He seems to do that a lot though. Alaska, Idaho sturgeon, Mako sharks out of San Diego, Wyoming - Green River, Bear River in Evanston, etc. He's been to Mexico and all sorts of places that have nothing to do with Utah.

I think this is the map you are looking for Goob.


----------



## wyogoob (Sep 7, 2007)

Dodger said:


> He seems to do that a lot though. Alaska, Idaho sturgeon, Mako sharks out of San Diego, Wyoming - Green River, Bear River in Evanston, etc. He's been to Mexico and all sorts of places that have nothing to do with Utah.
> 
> I think this is the map you are looking for Goob.
> 
> View attachment 26721


Cool map!!!

uh...there are no fish in Evanston. That Hooked on Utah show about the Bear River in Evanston was actually filmed south of Scipio Utah. 

.


----------



## Dodger (Oct 20, 2009)

wyogoob said:


> Cool map!!!
> 
> uh...there are no fish in Evanston. That Hooked on Utah show about the Bear River in Evanston was actually filmed south of Scipio Utah.
> 
> .


Don't let the Evanston Chamber of Commerce hear you say that! They might have to start advertising the liquor, smokes, fireworks, and noodie stores if there aren't any fish up there any more!


----------



## brookieguy1 (Oct 14, 2008)

Airborne said:


> I guess I am one 'untasteful' dude, I never tell people where I am in the outdoors, standard answer-> secret canyon. If you hot spot your areas, be prepared for them to be overrun or ruined, nothing wrong with generalized fibbing when it comes to huntin/fishin areas. It's the way it should be.

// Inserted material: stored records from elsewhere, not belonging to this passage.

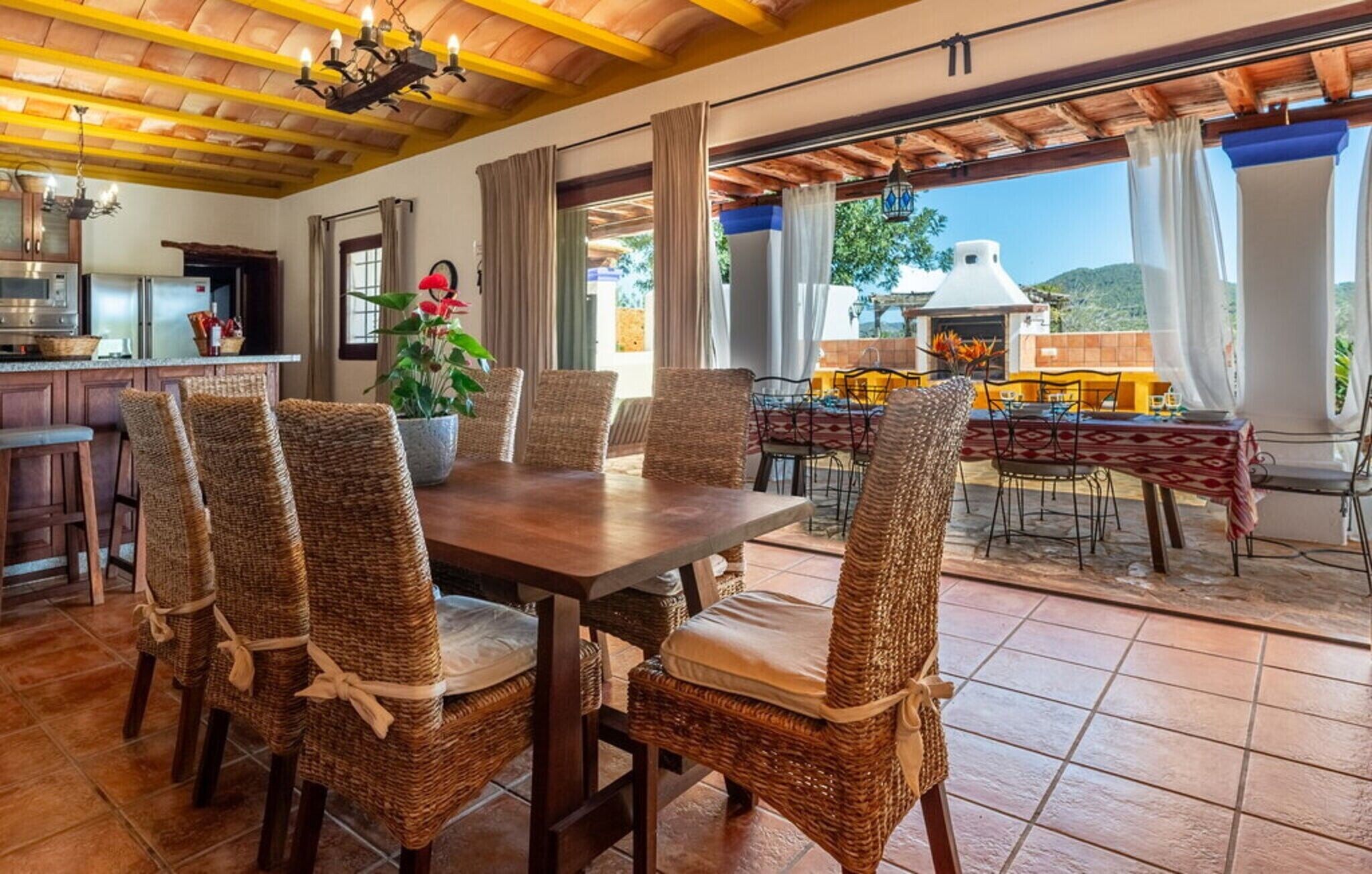 Un comedor con sillas de mimbre, una mesa de madera y vistas al exterior.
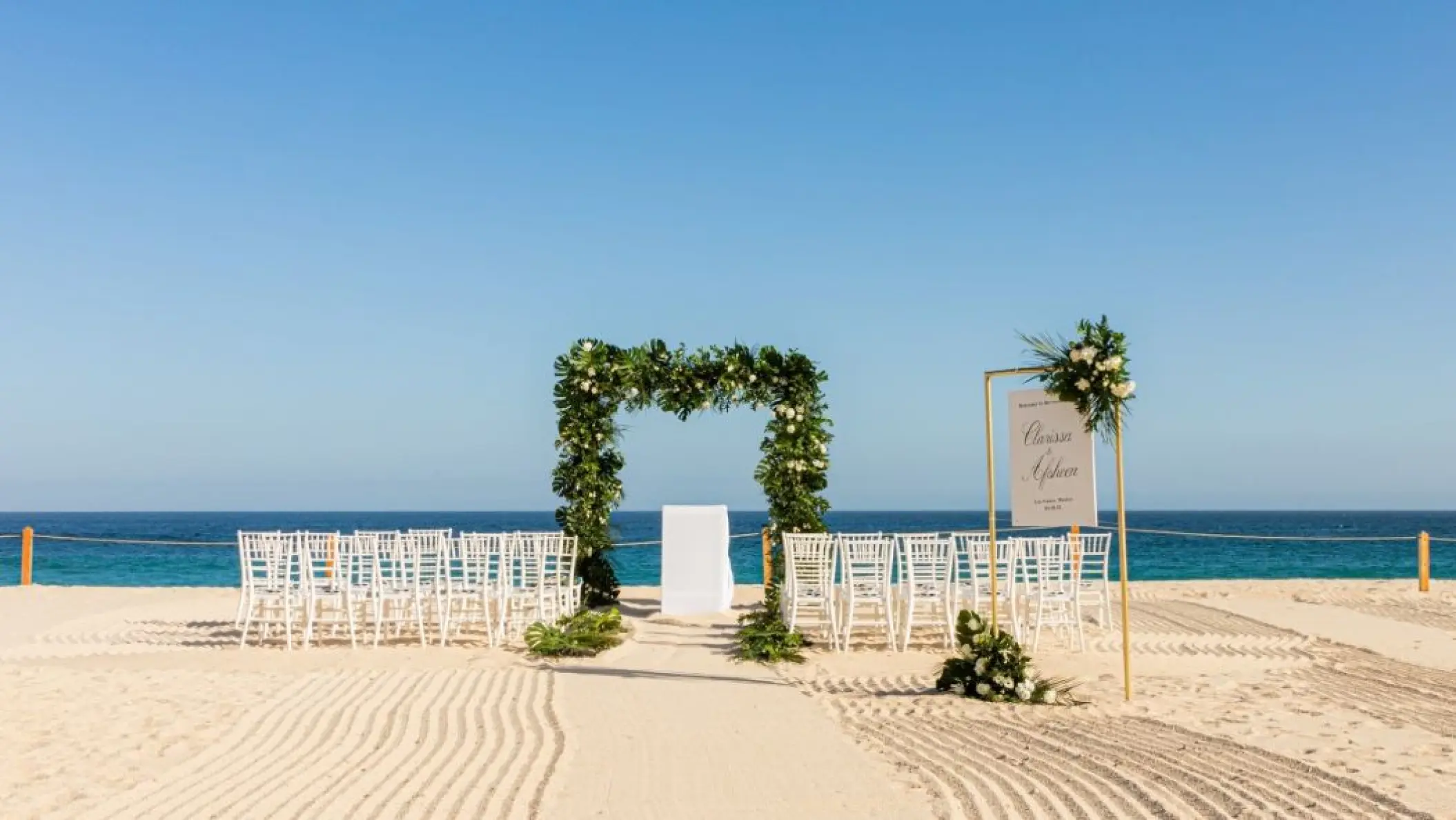 Beachfront wedding ceremony with greenery arch and white chairs at Dreams Los Cabos, Cabo San Lucas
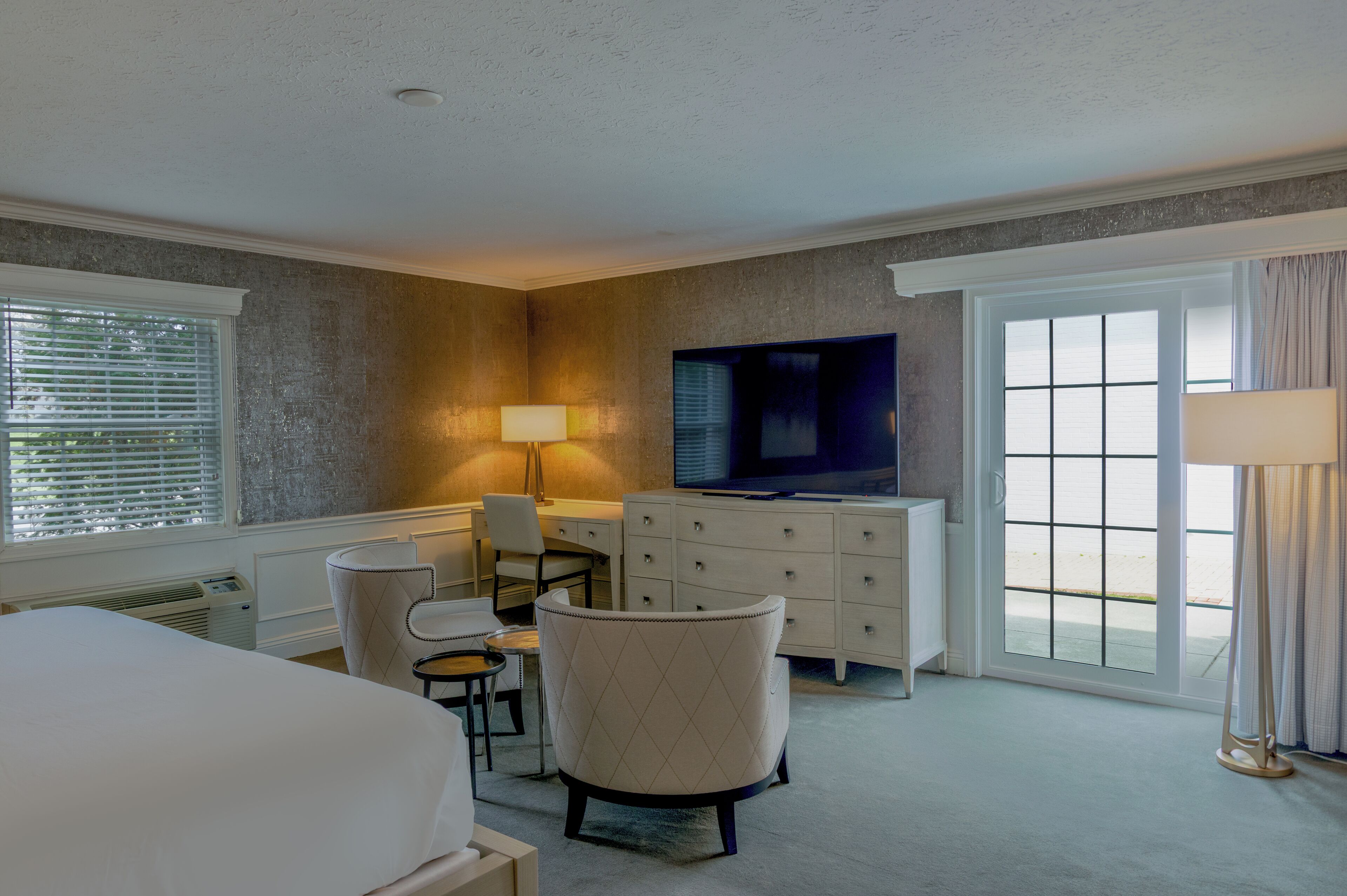 A hotel room with a bed, a desk with a chair, a TV, a dresser, and large windows with curtains.
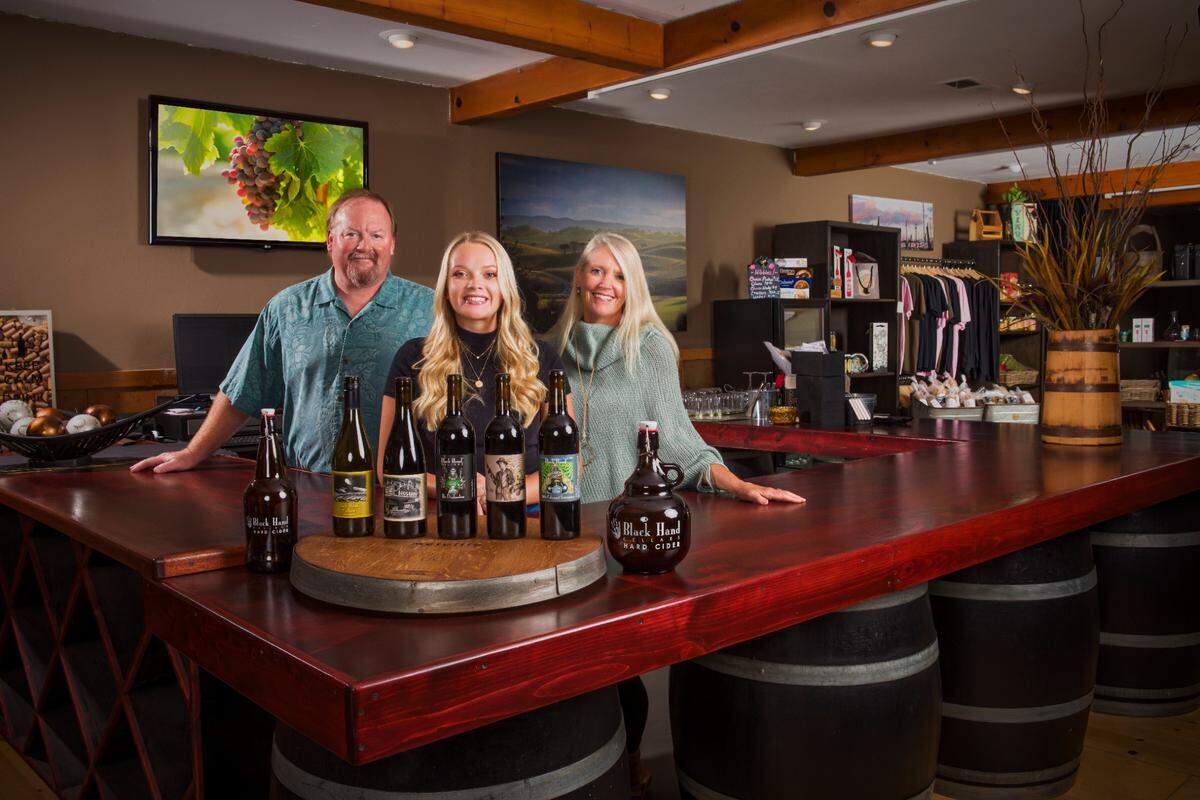 Tom, Cassidie and Terrie Banish showcase the wine and spirits of Black Hand Cellars.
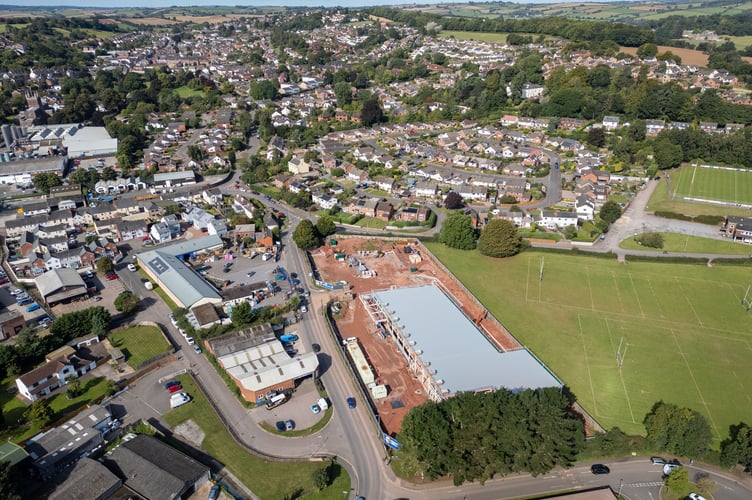 The new Lidl store site in Crediton and a view over the town.
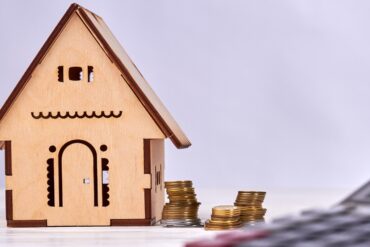 Miniature wooden house with coins on side and a calculator.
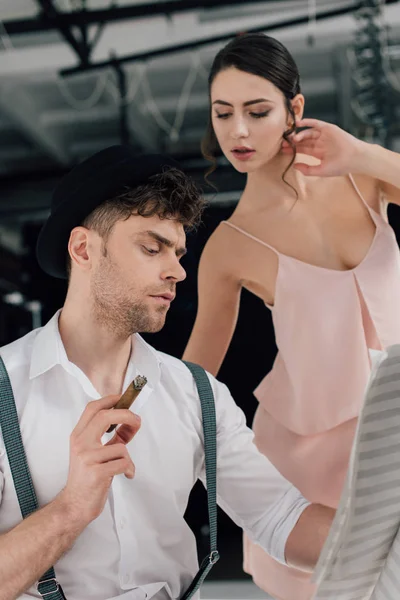 Beautiful ballerina standing near concentrated musician looking at music book — Stock Photo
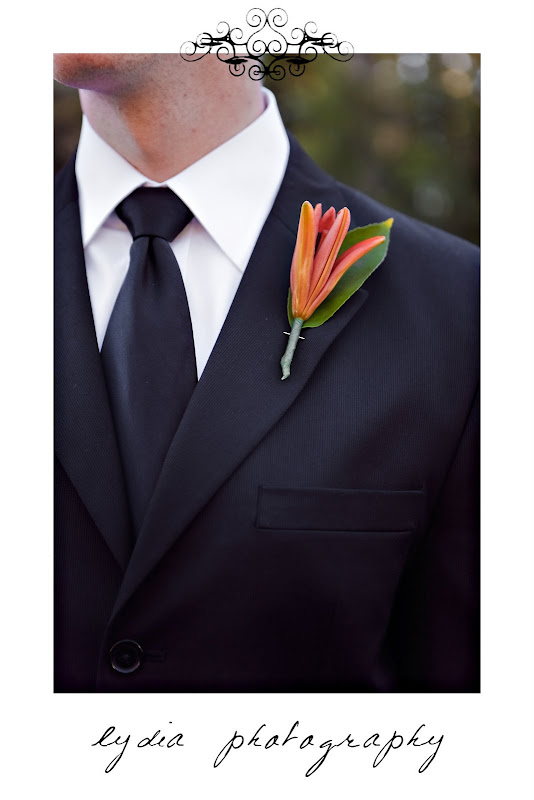 Groom's boutonniere at snowy, green and orange wedding in Shingletown, California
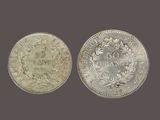 two silver coins, one of which has a crown and the other of which has a crown on it
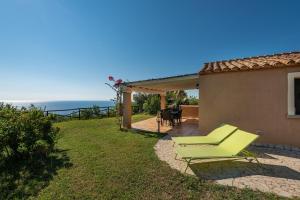 a house with a patio with a table and chairs at Villa Simonetta n9 in Costa Rei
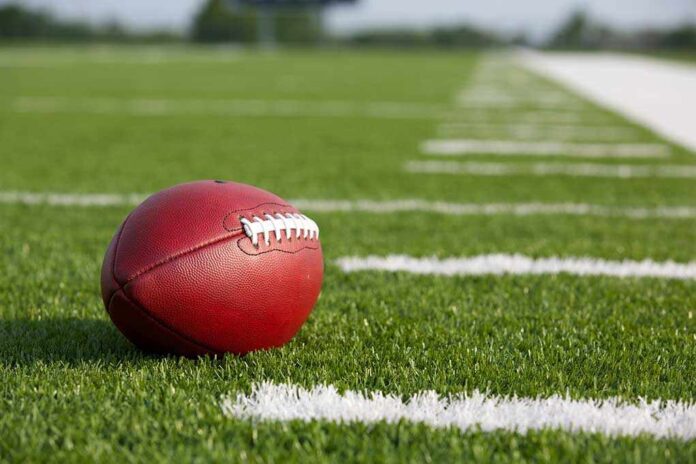 A red American football resting on a green artificial turf field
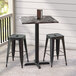A Lancaster Table & Seating black metal square counter height table with a cross base plate and two black stools on a porch.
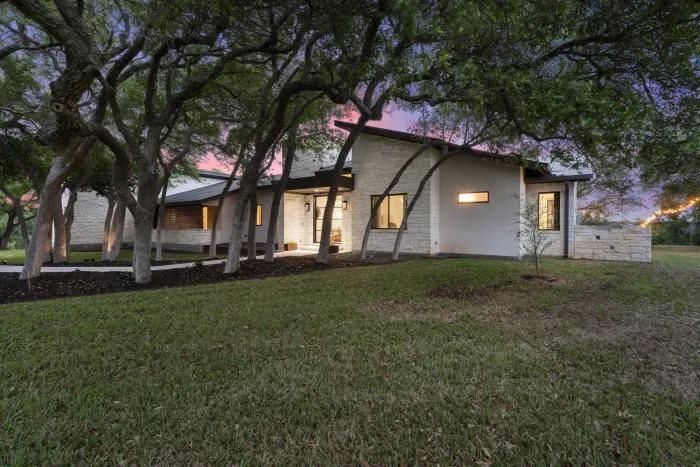 Charming exterior with shaded entry and Hill Country character.
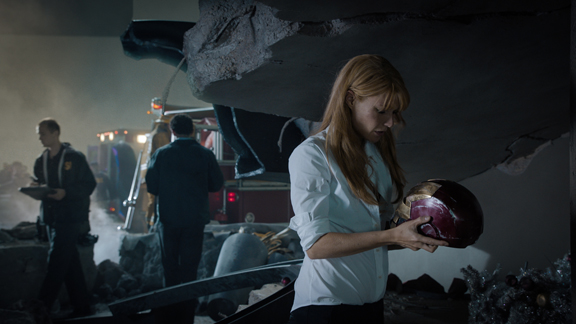 Pepper Potts (Gwyneth Paltrow) looks a a damaged Iron Man face plate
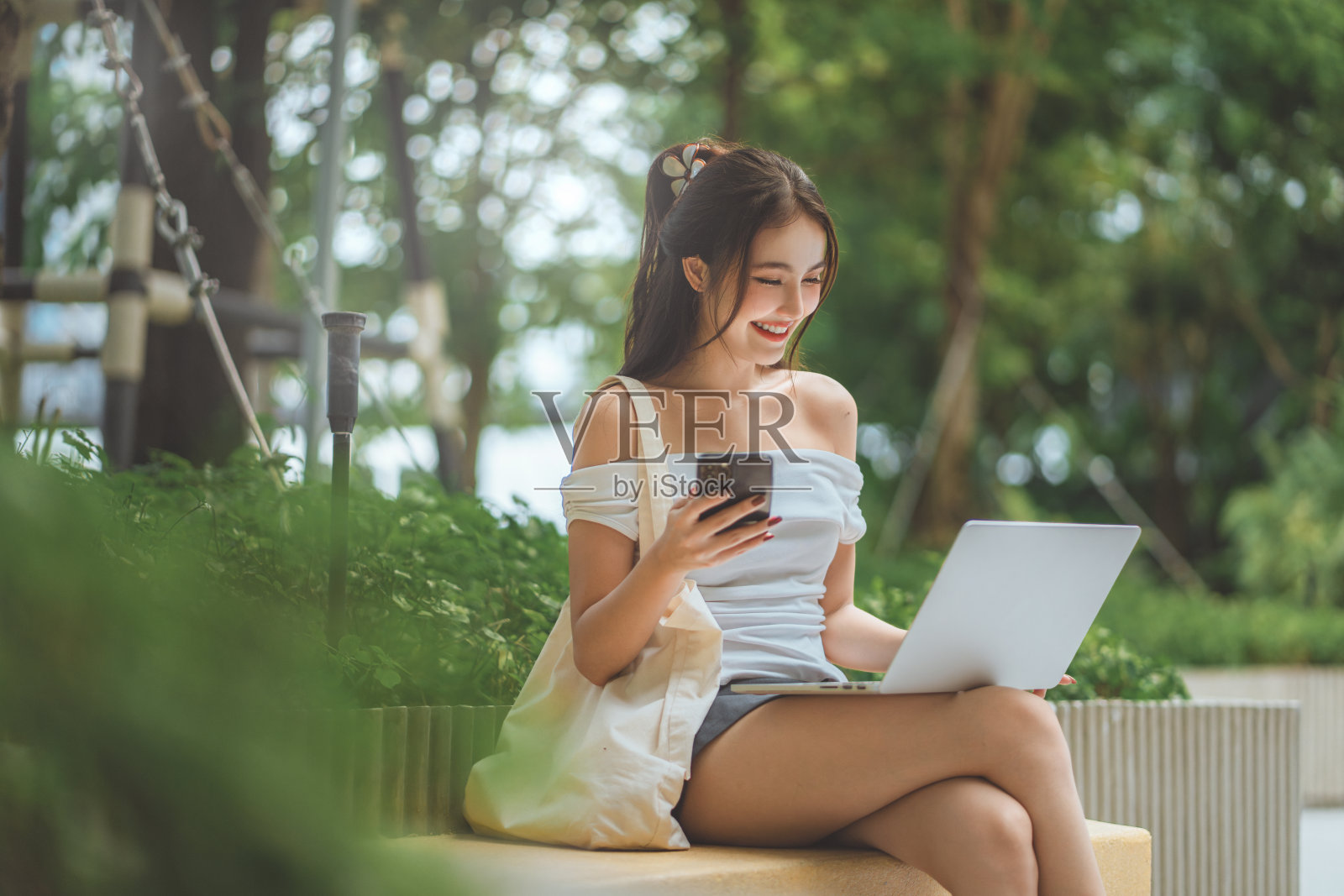 快乐的亚洲女性穿着休闲服装，在城市公园里使用笔记本电脑和手机，旁边有可重复使用的杯子和布袋——数字游牧生活方式和城市可持续生活。照片摄影图片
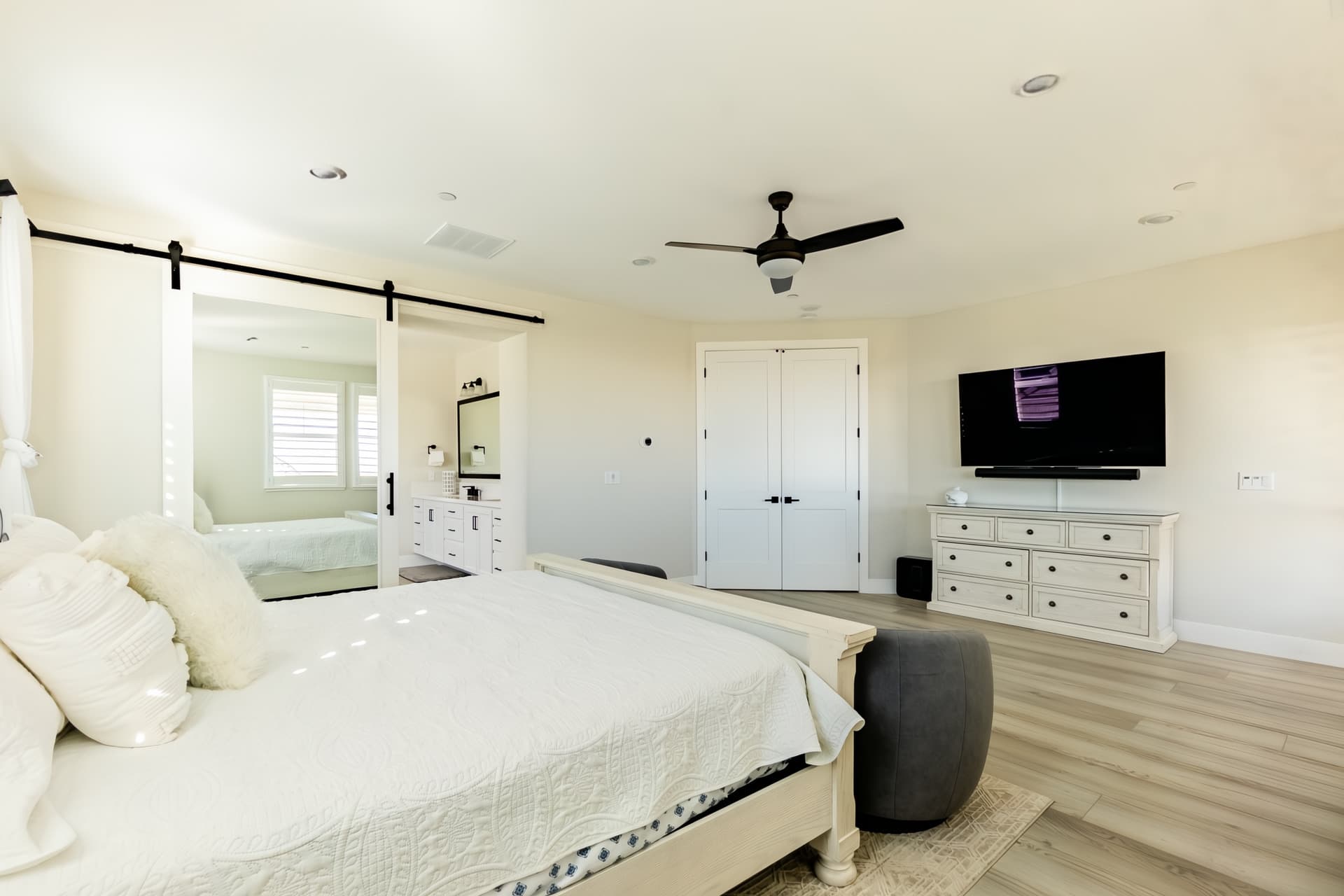 Master bedroom with king bed, minimalistic decor, and balcony access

 I agree. I hate hotspotting. I do not watch the show enough to realize that "South of Scipio" was like "Nunya Lake". If that's what their generalized statement is for "we'd rather not say", then that's fine. I just thought from the original post that they were actually stating directions.
The few times I've watched the show though I didn't like it much.


----------